_Activity:_ Beneath this instruction is a block of data; output from it exactly the lines that run from the one containing "Full Tilt Audio" through the one containing "Piko H0 - 97189", inclusive.

******

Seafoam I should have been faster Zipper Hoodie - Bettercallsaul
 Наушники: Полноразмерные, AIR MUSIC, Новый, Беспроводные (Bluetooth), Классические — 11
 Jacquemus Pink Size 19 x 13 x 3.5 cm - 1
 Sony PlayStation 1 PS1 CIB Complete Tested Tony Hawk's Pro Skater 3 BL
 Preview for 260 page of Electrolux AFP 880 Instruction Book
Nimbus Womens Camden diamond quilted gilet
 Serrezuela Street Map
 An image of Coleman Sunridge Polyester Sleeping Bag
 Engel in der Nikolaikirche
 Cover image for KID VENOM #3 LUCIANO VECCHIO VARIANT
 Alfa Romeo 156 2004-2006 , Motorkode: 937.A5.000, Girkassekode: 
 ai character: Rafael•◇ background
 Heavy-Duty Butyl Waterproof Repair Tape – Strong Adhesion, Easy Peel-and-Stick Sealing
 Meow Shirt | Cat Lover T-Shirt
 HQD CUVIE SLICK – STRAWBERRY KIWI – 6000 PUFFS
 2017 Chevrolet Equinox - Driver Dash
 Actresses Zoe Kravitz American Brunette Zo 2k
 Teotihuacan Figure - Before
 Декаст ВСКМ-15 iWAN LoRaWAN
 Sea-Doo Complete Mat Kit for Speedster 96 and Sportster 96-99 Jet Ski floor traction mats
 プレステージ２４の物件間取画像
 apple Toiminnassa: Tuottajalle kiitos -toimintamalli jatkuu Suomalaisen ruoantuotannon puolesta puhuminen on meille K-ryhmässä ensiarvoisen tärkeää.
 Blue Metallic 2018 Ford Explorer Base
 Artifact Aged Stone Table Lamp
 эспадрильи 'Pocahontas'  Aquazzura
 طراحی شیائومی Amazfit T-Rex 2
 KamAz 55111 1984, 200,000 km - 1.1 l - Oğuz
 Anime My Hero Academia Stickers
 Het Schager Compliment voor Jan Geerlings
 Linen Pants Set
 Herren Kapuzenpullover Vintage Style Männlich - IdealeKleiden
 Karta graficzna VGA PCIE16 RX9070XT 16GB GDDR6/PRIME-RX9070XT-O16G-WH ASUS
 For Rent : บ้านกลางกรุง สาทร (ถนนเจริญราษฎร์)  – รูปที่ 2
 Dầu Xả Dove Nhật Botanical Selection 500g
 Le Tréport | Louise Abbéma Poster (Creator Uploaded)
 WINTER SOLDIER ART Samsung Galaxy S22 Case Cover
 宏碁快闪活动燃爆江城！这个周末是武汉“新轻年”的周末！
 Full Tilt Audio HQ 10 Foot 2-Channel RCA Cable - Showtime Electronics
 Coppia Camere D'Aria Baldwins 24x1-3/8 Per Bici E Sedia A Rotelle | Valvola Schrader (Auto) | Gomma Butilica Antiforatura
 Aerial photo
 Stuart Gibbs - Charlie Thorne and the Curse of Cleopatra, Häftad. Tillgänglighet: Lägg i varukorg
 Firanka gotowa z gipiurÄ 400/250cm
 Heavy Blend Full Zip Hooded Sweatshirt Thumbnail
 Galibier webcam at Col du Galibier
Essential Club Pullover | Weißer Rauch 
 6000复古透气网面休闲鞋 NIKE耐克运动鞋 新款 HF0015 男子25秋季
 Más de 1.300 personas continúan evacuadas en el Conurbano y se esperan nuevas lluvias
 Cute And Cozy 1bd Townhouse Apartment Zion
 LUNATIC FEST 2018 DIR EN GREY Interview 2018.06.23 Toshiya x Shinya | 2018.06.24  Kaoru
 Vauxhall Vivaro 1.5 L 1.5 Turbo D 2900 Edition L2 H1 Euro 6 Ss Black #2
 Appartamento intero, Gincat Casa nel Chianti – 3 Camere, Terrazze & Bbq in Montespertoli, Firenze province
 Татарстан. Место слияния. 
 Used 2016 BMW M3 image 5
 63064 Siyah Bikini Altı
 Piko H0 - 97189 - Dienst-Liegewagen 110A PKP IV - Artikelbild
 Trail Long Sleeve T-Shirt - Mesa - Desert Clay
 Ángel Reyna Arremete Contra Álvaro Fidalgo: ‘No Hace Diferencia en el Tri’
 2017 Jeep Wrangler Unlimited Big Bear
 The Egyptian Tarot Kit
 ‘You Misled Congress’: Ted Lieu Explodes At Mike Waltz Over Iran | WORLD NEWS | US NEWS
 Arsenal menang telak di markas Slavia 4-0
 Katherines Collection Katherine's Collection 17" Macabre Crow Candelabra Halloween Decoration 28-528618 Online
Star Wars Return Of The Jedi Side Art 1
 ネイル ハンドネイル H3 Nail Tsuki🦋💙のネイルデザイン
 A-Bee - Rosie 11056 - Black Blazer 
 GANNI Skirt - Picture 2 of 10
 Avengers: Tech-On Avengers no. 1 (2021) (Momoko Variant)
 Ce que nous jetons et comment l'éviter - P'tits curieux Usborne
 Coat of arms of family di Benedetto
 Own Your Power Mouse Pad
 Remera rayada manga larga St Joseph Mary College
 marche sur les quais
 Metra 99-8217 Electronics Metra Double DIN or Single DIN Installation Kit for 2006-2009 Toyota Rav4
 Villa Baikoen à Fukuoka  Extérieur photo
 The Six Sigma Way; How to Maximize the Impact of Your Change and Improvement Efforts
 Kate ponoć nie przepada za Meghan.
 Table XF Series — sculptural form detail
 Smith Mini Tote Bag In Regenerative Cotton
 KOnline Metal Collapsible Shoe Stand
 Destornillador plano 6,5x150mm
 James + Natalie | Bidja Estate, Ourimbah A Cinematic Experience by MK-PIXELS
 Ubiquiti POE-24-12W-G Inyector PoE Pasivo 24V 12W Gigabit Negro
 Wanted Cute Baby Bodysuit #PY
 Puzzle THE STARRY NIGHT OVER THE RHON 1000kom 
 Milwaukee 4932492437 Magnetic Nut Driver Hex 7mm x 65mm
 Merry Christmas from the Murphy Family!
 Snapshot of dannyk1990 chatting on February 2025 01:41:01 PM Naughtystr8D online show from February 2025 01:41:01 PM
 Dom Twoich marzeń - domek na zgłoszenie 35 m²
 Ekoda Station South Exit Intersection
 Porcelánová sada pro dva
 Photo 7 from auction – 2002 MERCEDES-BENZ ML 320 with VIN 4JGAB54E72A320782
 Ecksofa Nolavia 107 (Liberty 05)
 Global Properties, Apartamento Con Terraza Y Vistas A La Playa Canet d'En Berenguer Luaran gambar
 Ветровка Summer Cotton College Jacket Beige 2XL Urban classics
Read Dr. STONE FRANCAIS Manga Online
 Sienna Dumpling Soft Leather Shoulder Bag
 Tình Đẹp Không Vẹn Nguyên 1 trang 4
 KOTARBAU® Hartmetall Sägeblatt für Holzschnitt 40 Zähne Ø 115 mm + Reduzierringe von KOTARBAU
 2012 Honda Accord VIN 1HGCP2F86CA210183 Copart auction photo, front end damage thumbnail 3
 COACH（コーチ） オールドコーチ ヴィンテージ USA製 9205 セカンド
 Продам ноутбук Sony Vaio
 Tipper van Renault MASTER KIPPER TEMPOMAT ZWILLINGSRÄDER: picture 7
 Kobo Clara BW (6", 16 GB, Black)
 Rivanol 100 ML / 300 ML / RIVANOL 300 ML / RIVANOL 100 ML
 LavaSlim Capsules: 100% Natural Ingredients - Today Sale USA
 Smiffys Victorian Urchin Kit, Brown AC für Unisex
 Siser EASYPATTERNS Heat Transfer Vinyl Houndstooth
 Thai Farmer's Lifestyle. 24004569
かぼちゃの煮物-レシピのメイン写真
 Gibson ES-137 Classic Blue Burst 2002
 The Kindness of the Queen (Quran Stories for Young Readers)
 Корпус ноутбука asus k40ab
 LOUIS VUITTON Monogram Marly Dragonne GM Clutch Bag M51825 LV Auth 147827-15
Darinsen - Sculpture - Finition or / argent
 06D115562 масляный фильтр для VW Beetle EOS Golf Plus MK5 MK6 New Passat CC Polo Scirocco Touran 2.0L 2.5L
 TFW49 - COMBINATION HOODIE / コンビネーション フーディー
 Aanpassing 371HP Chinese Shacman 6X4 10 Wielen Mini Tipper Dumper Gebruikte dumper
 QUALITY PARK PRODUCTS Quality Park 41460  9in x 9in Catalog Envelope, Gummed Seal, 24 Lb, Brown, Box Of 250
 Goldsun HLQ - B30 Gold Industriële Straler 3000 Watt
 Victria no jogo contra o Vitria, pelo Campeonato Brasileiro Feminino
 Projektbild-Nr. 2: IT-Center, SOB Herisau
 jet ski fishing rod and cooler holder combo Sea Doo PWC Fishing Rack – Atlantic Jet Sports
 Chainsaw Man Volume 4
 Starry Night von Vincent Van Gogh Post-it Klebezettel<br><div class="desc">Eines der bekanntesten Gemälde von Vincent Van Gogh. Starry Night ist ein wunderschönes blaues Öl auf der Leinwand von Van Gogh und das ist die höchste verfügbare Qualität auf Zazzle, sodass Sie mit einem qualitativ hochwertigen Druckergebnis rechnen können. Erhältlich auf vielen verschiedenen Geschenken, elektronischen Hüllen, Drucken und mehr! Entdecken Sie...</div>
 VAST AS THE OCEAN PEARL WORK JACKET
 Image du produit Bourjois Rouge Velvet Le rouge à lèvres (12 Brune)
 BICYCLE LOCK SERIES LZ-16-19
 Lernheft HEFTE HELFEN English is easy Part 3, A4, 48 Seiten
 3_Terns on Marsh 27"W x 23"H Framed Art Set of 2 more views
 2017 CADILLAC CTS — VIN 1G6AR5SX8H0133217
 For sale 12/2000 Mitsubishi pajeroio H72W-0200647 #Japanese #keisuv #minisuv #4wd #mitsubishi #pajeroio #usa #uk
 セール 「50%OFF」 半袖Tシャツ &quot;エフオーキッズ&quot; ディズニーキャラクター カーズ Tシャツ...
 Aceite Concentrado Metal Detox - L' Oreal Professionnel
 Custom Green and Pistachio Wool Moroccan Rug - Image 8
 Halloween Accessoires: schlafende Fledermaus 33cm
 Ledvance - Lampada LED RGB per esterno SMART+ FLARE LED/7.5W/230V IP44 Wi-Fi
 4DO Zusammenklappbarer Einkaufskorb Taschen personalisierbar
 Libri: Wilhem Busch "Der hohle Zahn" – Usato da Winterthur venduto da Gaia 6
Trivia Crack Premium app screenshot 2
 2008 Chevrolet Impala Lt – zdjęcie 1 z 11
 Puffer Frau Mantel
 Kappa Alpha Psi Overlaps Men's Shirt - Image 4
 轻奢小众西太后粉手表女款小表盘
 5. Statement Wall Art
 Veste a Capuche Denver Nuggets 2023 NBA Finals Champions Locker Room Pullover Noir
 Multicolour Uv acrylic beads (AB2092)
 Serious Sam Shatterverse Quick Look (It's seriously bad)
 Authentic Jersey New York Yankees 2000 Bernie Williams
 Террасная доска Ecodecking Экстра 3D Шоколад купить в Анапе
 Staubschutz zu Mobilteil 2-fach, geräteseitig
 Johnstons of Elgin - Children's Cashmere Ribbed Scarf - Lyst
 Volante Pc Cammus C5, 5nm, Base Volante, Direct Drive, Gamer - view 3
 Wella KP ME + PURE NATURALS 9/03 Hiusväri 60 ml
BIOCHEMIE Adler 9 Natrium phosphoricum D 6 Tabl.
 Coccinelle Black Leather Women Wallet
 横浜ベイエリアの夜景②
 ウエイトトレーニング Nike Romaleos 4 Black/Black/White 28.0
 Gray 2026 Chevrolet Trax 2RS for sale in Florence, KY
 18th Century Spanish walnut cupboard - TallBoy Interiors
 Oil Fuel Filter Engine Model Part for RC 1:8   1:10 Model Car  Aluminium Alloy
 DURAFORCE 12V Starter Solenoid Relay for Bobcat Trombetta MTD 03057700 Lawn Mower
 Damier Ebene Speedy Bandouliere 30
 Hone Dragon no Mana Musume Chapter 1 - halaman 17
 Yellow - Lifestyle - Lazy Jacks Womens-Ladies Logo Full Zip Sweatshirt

******

_Response:_
 Full Tilt Audio HQ 10 Foot 2-Channel RCA Cable - Showtime Electronics
 Coppia Camere D'Aria Baldwins 24x1-3/8 Per Bici E Sedia A Rotelle | Valvola Schrader (Auto) | Gomma Butilica Antiforatura
 Aerial photo
 Stuart Gibbs - Charlie Thorne and the Curse of Cleopatra, Häftad. Tillgänglighet: Lägg i varukorg
 Firanka gotowa z gipiurÄ 400/250cm
 Heavy Blend Full Zip Hooded Sweatshirt Thumbnail
 Galibier webcam at Col du Galibier
Essential Club Pullover | Weißer Rauch 
 6000复古透气网面休闲鞋 NIKE耐克运动鞋 新款 HF0015 男子25秋季
 Más de 1.300 personas continúan evacuadas en el Conurbano y se esperan nuevas lluvias
 Cute And Cozy 1bd Townhouse Apartment Zion
 LUNATIC FEST 2018 DIR EN GREY Interview 2018.06.23 Toshiya x Shinya | 2018.06.24  Kaoru
 Vauxhall Vivaro 1.5 L 1.5 Turbo D 2900 Edition L2 H1 Euro 6 Ss Black #2
 Appartamento intero, Gincat Casa nel Chianti – 3 Camere, Terrazze & Bbq in Montespertoli, Firenze province
 Татарстан. Место слияния. 
 Used 2016 BMW M3 image 5
 63064 Siyah Bikini Altı
 Piko H0 - 97189 - Dienst-Liegewagen 110A PKP IV - Artikelbild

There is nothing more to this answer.